**HOW TO COMPLETE THIS TASK:** Transcribe the full listing below, word for word, without pictures.

**DATASET CONTENT:**

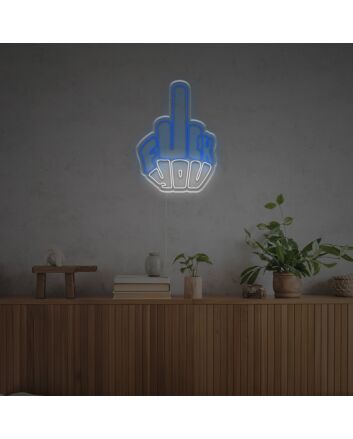 Elevate Your Bar or Gaming Space with the Bold Statement of Fxck You In Middle Finger Shaped LED Neon Sign.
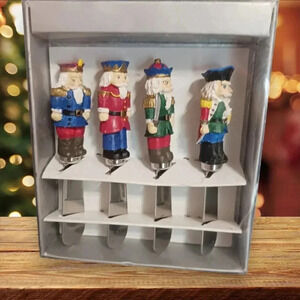 set of 4 cheese butter spreaders nutcrackers christmas holiday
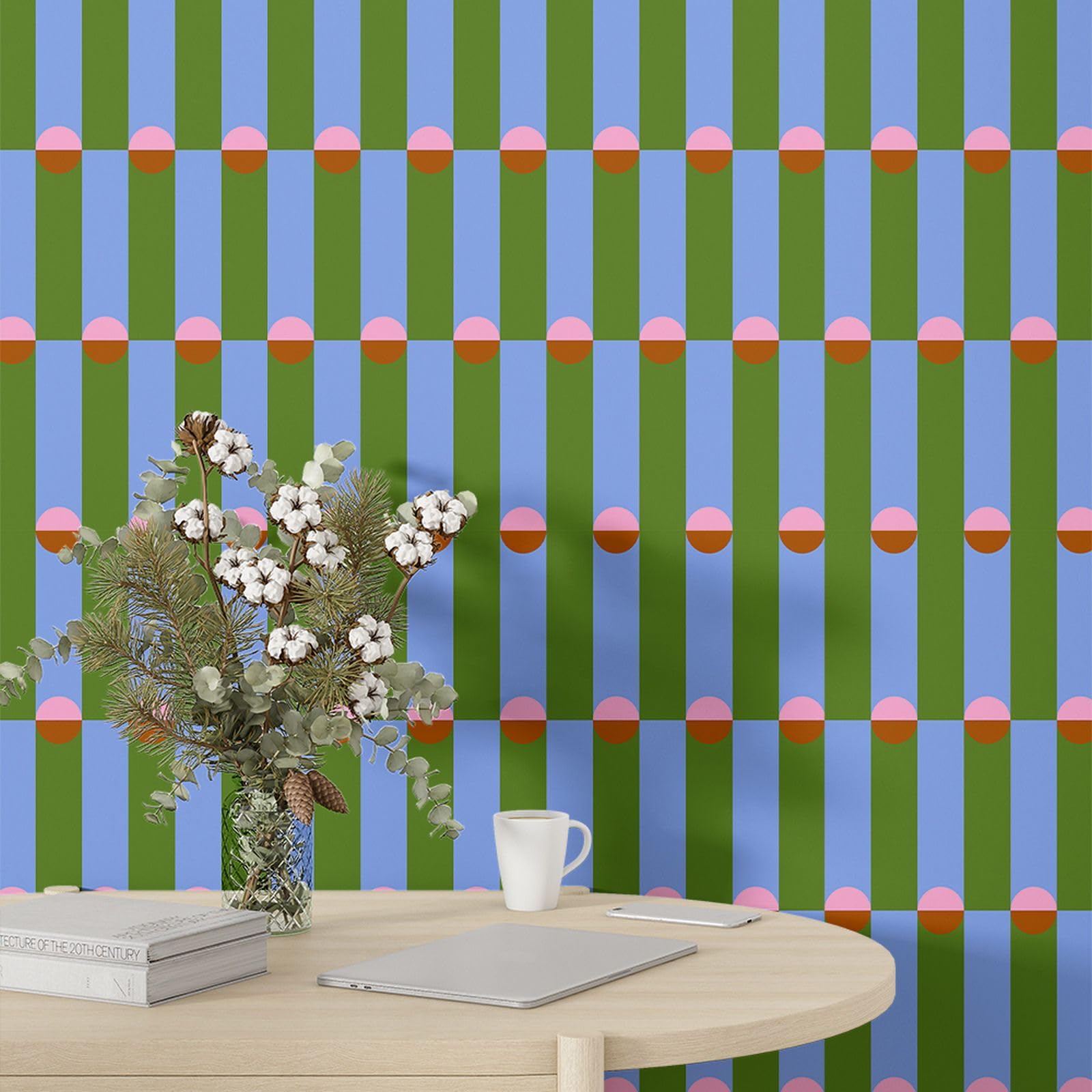 Fchen art Striped Wallpaper Colorful White Contact Paper Brown Removable Peel and Stick Wallpaper Modern Self Adhesive Wall Paper for Accent Wall Laundry Bedroom Decor Blue 45x1000cm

**ANSWER:**
 Elevate Your Bar or Gaming Space with the Bold Statement of Fxck You In Middle Finger Shaped LED Neon Sign.
 set of 4 cheese butter spreaders nutcrackers christmas holiday
 Fchen art Striped Wallpaper Colorful White Contact Paper Brown Removable Peel and Stick Wallpaper Modern Self Adhesive Wall Paper for Accent Wall Laundry Bedroom Decor Blue 45x1000cm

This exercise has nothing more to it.